At this stage, it is pertinent to highlight that India’s guidelines for similar biologics are on par with International Guidelines3 and have demonstrated their effectiveness on numerous occasions as India has approximately 66 biosimilars in the market. Although the efficacy of certain biosimilars is currently being challenged before the Hon’ble Delhi High Court4, the adequacy or the implementation of the biosimilar guidelines is not in question. It is seen that India is making headway, in leaps and bounds, towards the establishment of biosimilars as the current and the next step of affordable healthcare.

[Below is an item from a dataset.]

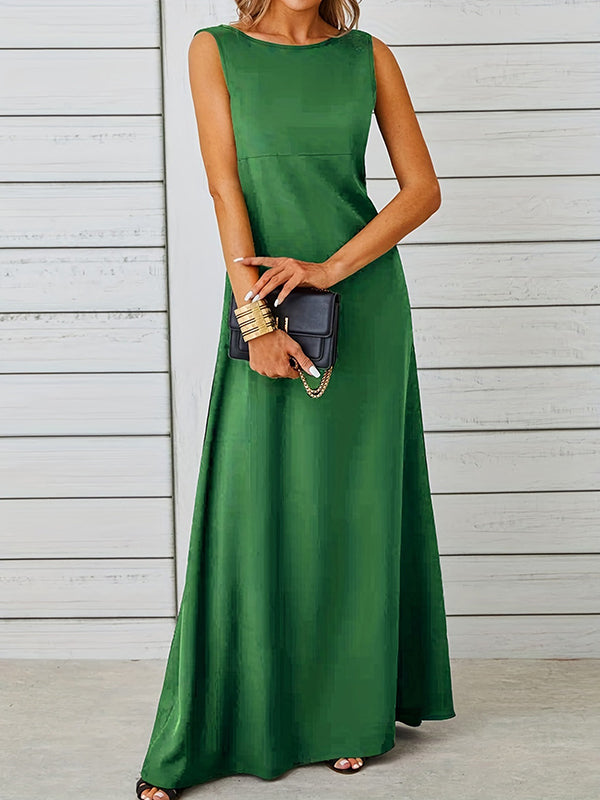 Olivia Bennet | A-Line Loose Solid Color Round-Neck Maxi Dresses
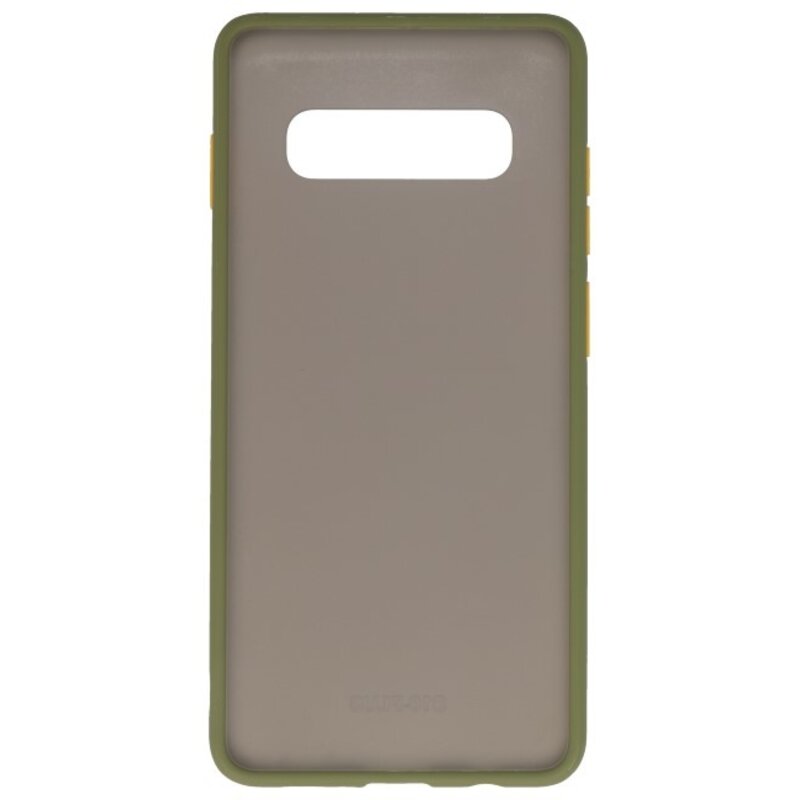 Étui rigide à combinaison de couleurs pour Galaxy S10 Plus Vert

The growing market for biosimilars offers huge potential for companies involved in manufacture, research and development. The need of the hour is to understand the regulatory guidelines and their implementation as per the current requirements. With time, the regulatory guidelines will continue to evolve as the companies gain more experience and new biosimilars keep entering the market. Biotechnological medicines are well on their way to becoming an important part of the healthcare scenario in India and awareness about the deviations between biosimilars and reference products will act as guidance for correct prescription and safety of patients.
Disclaimer – The views expressed in this article are the personal views of the author and are purely informative in nature.